Start of Data records

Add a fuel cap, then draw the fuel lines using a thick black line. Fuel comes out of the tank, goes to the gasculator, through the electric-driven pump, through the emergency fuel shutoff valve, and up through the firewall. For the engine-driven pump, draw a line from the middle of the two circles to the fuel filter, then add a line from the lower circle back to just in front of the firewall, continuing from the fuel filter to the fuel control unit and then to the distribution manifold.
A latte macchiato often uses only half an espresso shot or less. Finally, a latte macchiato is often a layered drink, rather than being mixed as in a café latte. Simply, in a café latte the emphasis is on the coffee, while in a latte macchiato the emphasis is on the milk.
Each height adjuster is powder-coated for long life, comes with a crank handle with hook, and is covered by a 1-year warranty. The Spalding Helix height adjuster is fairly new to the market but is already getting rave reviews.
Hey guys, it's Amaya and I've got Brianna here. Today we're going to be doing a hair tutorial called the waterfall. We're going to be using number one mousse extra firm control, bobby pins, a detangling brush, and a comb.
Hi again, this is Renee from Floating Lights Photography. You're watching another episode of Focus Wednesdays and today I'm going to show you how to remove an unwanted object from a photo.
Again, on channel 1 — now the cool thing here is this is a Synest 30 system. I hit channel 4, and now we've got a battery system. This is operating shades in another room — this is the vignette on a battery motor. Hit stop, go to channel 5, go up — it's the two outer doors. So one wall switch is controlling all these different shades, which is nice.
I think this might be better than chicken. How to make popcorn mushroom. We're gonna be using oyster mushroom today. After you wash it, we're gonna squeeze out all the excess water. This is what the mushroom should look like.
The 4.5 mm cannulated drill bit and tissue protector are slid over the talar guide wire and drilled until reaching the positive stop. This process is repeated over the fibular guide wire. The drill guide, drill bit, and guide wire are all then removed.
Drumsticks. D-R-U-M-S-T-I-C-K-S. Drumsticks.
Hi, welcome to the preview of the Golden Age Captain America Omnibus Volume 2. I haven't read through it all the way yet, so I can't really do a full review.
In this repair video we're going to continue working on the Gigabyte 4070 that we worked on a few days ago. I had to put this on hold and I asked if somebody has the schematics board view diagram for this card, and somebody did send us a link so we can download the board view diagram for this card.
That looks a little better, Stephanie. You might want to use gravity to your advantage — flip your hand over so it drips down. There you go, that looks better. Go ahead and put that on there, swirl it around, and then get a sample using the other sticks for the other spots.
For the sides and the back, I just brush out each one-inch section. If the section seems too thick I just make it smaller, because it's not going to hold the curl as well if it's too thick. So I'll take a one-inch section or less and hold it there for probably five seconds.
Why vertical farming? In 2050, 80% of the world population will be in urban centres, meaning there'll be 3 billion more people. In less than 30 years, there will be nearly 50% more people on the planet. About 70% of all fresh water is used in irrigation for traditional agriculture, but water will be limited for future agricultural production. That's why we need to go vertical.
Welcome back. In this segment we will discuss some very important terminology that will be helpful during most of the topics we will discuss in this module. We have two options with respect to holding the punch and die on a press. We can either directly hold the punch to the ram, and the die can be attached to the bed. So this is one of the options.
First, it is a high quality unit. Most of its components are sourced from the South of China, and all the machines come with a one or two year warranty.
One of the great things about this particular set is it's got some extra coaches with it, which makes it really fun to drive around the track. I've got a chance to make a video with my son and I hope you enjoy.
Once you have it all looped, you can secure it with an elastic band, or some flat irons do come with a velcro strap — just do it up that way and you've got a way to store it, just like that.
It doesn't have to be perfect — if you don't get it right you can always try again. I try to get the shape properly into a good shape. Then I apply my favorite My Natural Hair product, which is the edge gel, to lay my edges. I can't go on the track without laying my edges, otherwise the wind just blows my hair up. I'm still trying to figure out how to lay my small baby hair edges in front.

End of Data records

Requirement: Among the entries above, find the line with "First, it is" and the line with "Once you have"; give again exactly these two lines and all lines between them.

Exercise response:
First, it is a high quality unit. Most of its components are sourced from the South of China, and all the machines come with a one or two year warranty.
One of the great things about this particular set is it's got some extra coaches with it, which makes it really fun to drive around the track. I've got a chance to make a video with my son and I hope you enjoy.
Once you have it all looped, you can secure it with an elastic band, or some flat irons do come with a velcro strap — just do it up that way and you've got a way to store it, just like that.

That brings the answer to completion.